Il Natale è archiviato e io, superata la boa dell’Anno Nuovo, già sento nell’aria il profumo della primavera e della prossima estate. Le giornate si allungano e così malgrado il gelo, la neve e la pioggia con la mente sono già lontana, in luoghi dove il freddo non arriva.
Sono a Sao Tomè e Principe, un gruppo di isole sperdute nell’Oceano Atlantico, di fronte alle coste dell’Angola, a metà strada dal Brasile. Isole che per lunghi anni sono state sotto il dominio dei Portoghesi che le hanno usate come base per il loro fiorente commercio di schiavi. La sensazione, appena ci si arriva, e ci si arriva sempre a notte fonda, è quella di essere all’improvviso catapultati alla fine o all’inizio del mondo, dove d’un tratto saltano tutti gli schemi. Dove la gente vive in modi diversi da quelli a cui noi siamo abituati e anche il paesaggio non ha niente di consueto.
Mi accoglie, infatti, una oscurità solida, densa come un mantello in cui aleggia una sorta di mistero.
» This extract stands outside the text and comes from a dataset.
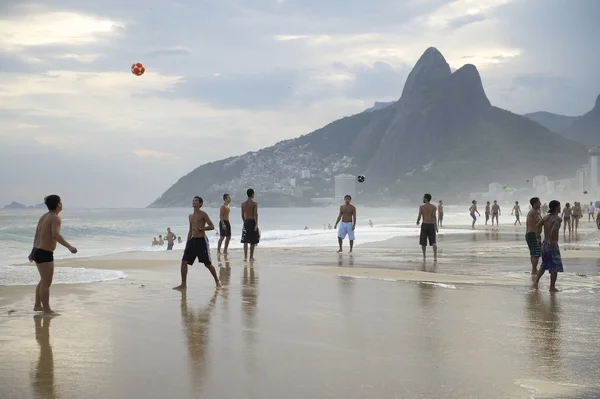 Grupo de brasileños jugando Altinho Futebol Beach Football Fotos de stock libres de derechos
Un mondo ancora quasi intoccato, una giungla dolce dove ancora si avvertono spiriti e fantasmi del passato. Nell’aria salgono i fumi acri della legna bruciata per farne carbone, e ancora l’aroma ambrato del cacao e quello dolce dei fiori tropicali. Sono arrivata a Sao Tomè per lavoro, devo preparare un pranzo siciliano in un resort di una coppia di simpatici e audaci bergamaschi, Tiziano e Mari, che, dopo aver traversato tutta l’Africa in bicicletta, anni fa hanno acquistato un pezzo di terra dove coltivano frutta e ortaggi tropicali e nostrani e dove hanno costruito un resort, piccoli bungalow di legno che si affacciano su un mare intoccato circondati da una natura sfolgorante.
Il giorno dopo vado in giro per l’isola, un luogo dove i ritmi sono lentissimi, slabbrati, trascinati. La gente è allegra, per strada ridono e ti salutano. Ci sono enormi baobab che arrivano al mare, un mare caldo e trasparente ma privo di profumi, non è insomma il Mediterraneo. I bambini nei villaggi giocano con palle di pezza o si divertono a far rotolare copertoni spingendoli con piccoli rami, i maiali grufolano liberi ovunque, le donne lavano i panni a fiume e poi li mettono, come bandiere colorate, ad asciugare al sole, in spiaggia o sulla riva. Sono incantata.
Se il mare non semina odori in compenso la terra è ricca di fragranze. Nell’aria si scontrano gli aromi forti del cacao che da sempre è una delle ricchezze di queste isole, e quello più pastoso delle banane. Di banane ce ne sono di tantissime specie, grandi, piccole, gialle, verdi, rosse, sono dolcissime e profumano ogni cibo a cui si accompagnano. Qui le usano su tutto e per tutto, in particolare con il pesce che acquista così sapori e aromi caraibici.